Let me take a CSV file example. Here, we draw a scatter plot using Profit and Sales values. Next, we defined the size of the marker based on the profit. It means marker size will increase when the profit is more.

import pandas as pd
from matplotlib import pyplot as plt

df = pd.read_excel('/Users/suresh/Downloads/Global_Superstore.xls')

sales_data = df.groupby('Region')[['Sales', 'Profit']].sum()

print(sales_data.sort_values(by = ['Profit']))

plt.scatter(sales_data['Profit'], sales_data['Sales'], marker = 'o',
            color = 'r', s = sales_data['Profit']/ 1000)

plt.show()
Python matplotlib Scatter Plot 11

The scatter function linewidths argument accepts a scalar value or array, and the default value is None. This linewidths argument defines the width of marker edges. The edgecolors argument allows choosing the line edge color of the markers.
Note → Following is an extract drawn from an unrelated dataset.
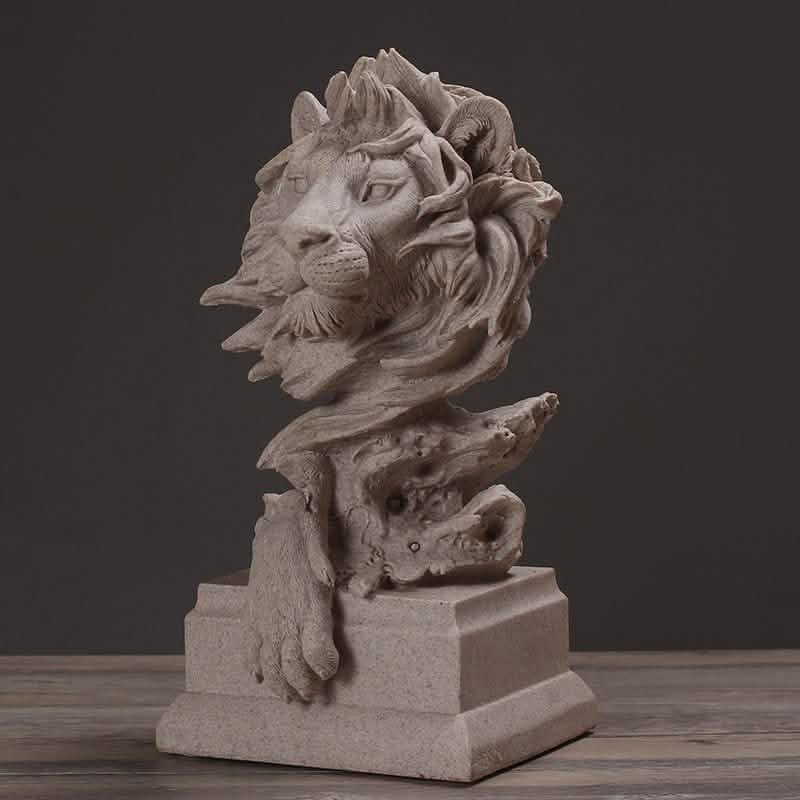 Lion Head Wall Sculpture – Modern Resin Art Décor - Grey -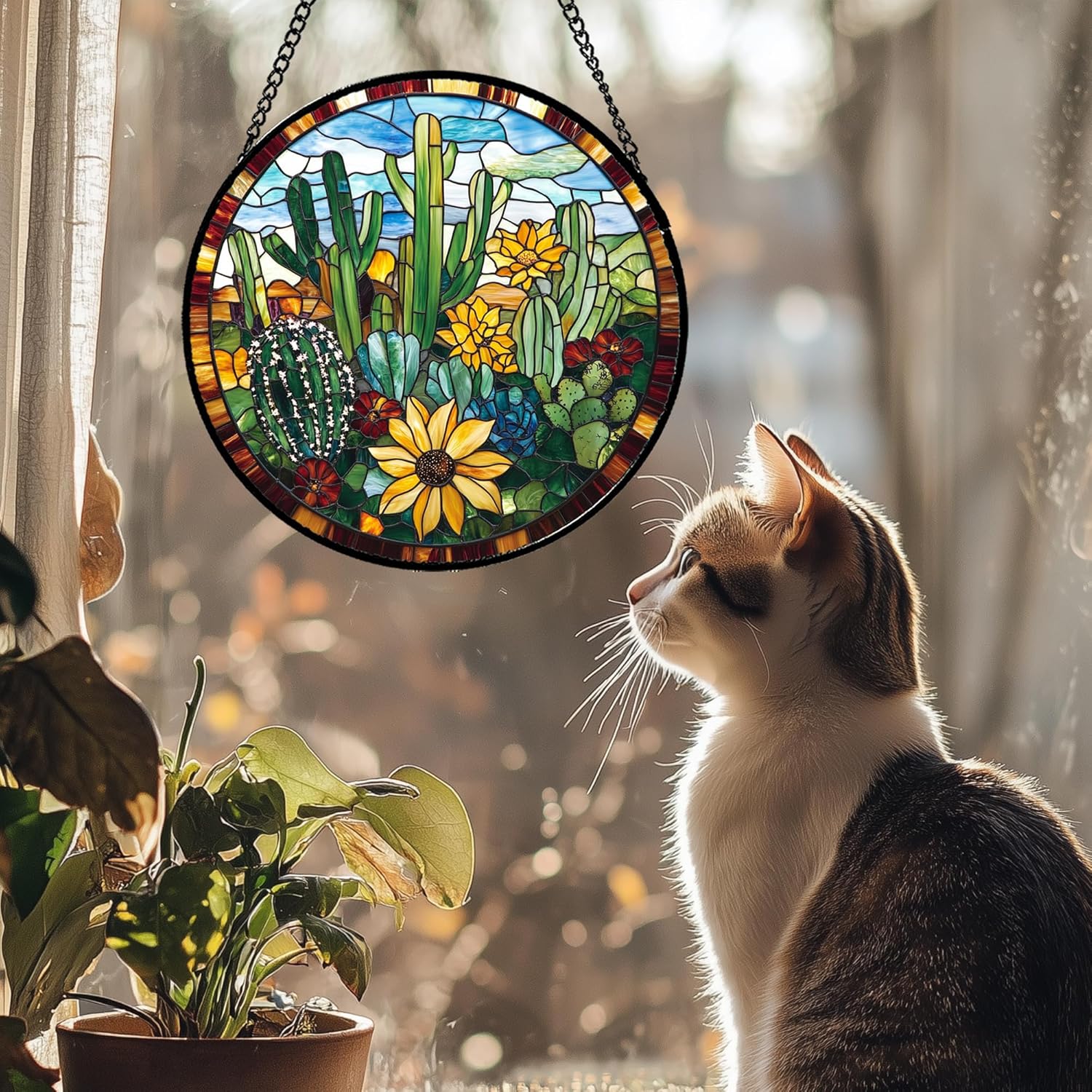Cactus and Flowers Round Suncatcher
In this example, we assigned the line width as 1.1 and the edge color to green. 

import pandas as pd
from matplotlib import pyplot as plt

df = pd.read_excel('/Users/suresh/Downloads/Global_Superstore.xls')

market_data = df.groupby('Order Date')[['Quantity', 'Profit']].sum()

plt.scatter(market_data['Quantity'], market_data['Profit'], 
            color = 'red', marker = '*', alpha = 0.6,
            s = 100,  linewidths = 1.1, edgecolors = 'g')

plt.title('Matplotlib Scatter Plot')

plt.show()
Python matplotlib Scatter Plot 12

Multiple scatter plots in Python

The matplotlib scatter function also allows you to plot multiple values. First, we are plotting y against x, and then we are plotting z against x. It will display z and y values agist x in one chart, and to differentiate them. We used red and blue colors.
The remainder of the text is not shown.